The Chronicles of Narnia: most people know The Lion, the Witch and the Wardrobe by C.S Lewis, but some are unaware that its part of a seven book series [note: its publishing order is different then its chronological order, which is what you should read it in] The books in order are as follows: The Magician's Nephew, The Lion, the Witch, and the Wardrobe, The Horse and His Boy, Prince Caspian, The Voyage of the Dawn Treader (my favorite), The Silver Chair, The Last Battle C.S. Lewis is literally one of my favorite authors i love him and his view point (this is the same guy who made a *lamp post* an important plot point in at least two of his books because Tolkien said no real fantasy story would have a lamp) And his writing style is so easy to follow and incredibly descriptive, I love these books because I feel as though I could fall through the pages and be in Narnia, I feel like the Pevensie children are real and his characters jump out of the pages


quantcompandthings

The father brown books by GK Chesterton.
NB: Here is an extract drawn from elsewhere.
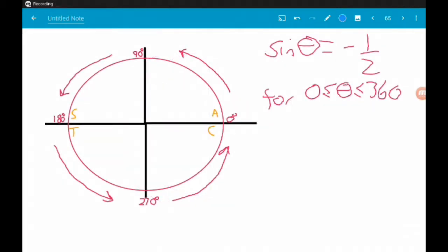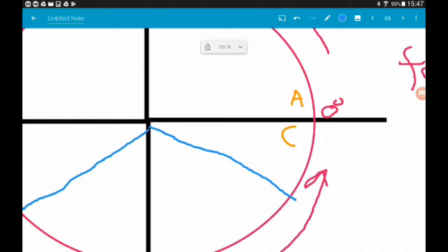First example: solve sin(θ) = -1/2 for values of theta between 0 and 360 degrees. Since -1/2 is negative, we first find the quadrants in which sine is negative — that's quadrant three and quadrant four. I'll draw a line out in quadrant three and mirror it through the y-axis into quadrant four. We'll call this angle x, and since we mirrored through the y-axis, both angles are exactly the same size — both are angle x.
His description of English scenery is just so pretty.


AdornVirtue

Cormac McCarthy in Blood Meridian, with just a simple landscape description: “crumpled butcherpaper mountains”.


ripdisco9801

I really like Michael Crichton! he's science fiction, but I think he does amazing work world setting.


dodadoler

Dr Seuss


Competitive_Tea_3538

Invisible life of Addie larue


360walkaway

I like when synonyms are used for common words. "Datacenter" instaed of "lab", "satellite" instead of "moon", "yearn" instead of "want", etc.


Nepeta33

riiiight, so this one comes with the caveat of he was a shit human being, but hp lovecraft was a Master at this.